The opening of the oil sector has coincided with a sharp drop in global crude prices, which makes investment in the energy sector less attractive, and the depreciation of the peso relative to the dollar.

Mexico City - Mexican state-owned oil company Petroleos Mexicanos said it expects crude production in 2015 to come in at an average of 2.29 million barrels per day, down from 2.43 million bpd last year, the National Hydrocarbons Commission, or CNH, said.

Natural gas production also will fall this year to 6.36 billion cubic feet per day, compared to 6.53 billion cfd in 2014, the CNH said last week, citing the Pemex Exploration and Production's Quarterly Operational Program.

Pemex produced 2.43 million bpd last year, down 3.7 percent from 2013 and 90,000 bpd lower than the initial 2014 forecast of 2.52 million bpd.

In January, Finance Secretary Luis Videgaray announced spending cuts this year equivalent to 0.7 percent of gross domestic product, including a 62-billion-peso ($4.15-billion) reduction in Pemex's budget.

Mexico enacted an energy overhaul in 2014 that opened the sector to private investment for the first time since it was nationalized in 1938.

Supporters of the overhaul say the participation of major multinational energy companies under profit- and production-sharing contracts and licenses is needed to develop promising deepwater oil and gas reserves in the Gulf of Mexico and shale resources and boost sagging crude output.

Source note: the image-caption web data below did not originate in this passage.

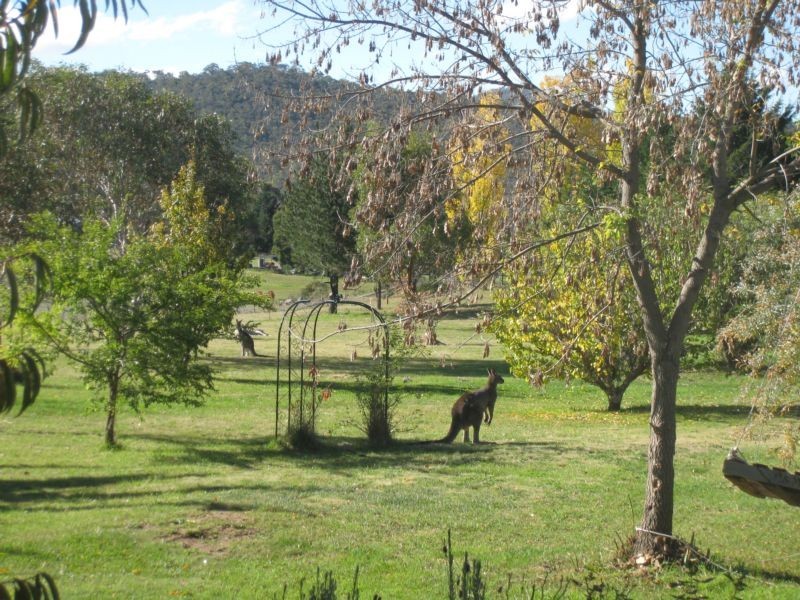 68 Ridge Avenue, Lakewood Estate, Jindabyne NSW 2627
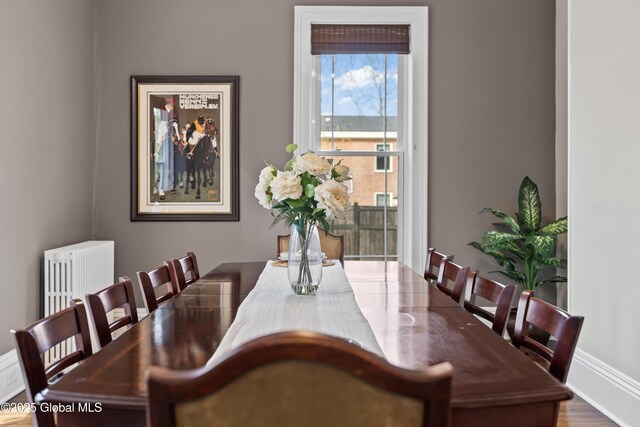 dining room featuring wood finished floors and radiator heating unit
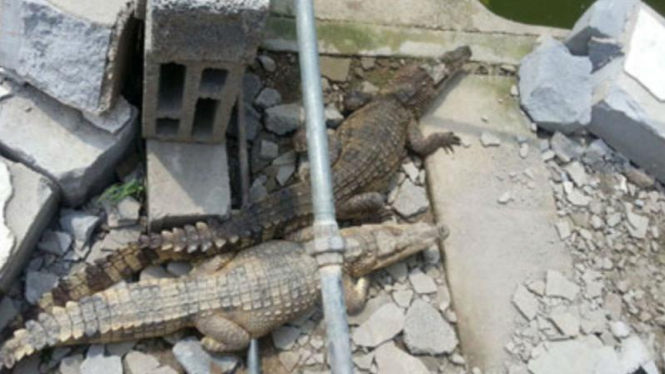 Buaya di tempat penangkaran China lepas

Crude production has fallen by nearly 30 percent from a high of 3.38 million barrels per day in 2004 due to a sharp decline in output at offshore Cantarell, formerly Mexico's most productive field, and a lack of investment.

But the move to end Pemex's monopoly is a thorny issue in Mexico because the state-owned firm has long been a symbol of national sovereignty.

The opening of the oil sector has coincided with a sharp drop in global crude prices, which makes investment in the energy sector less attractive, and the depreciation of the peso relative to the U.S. dollar.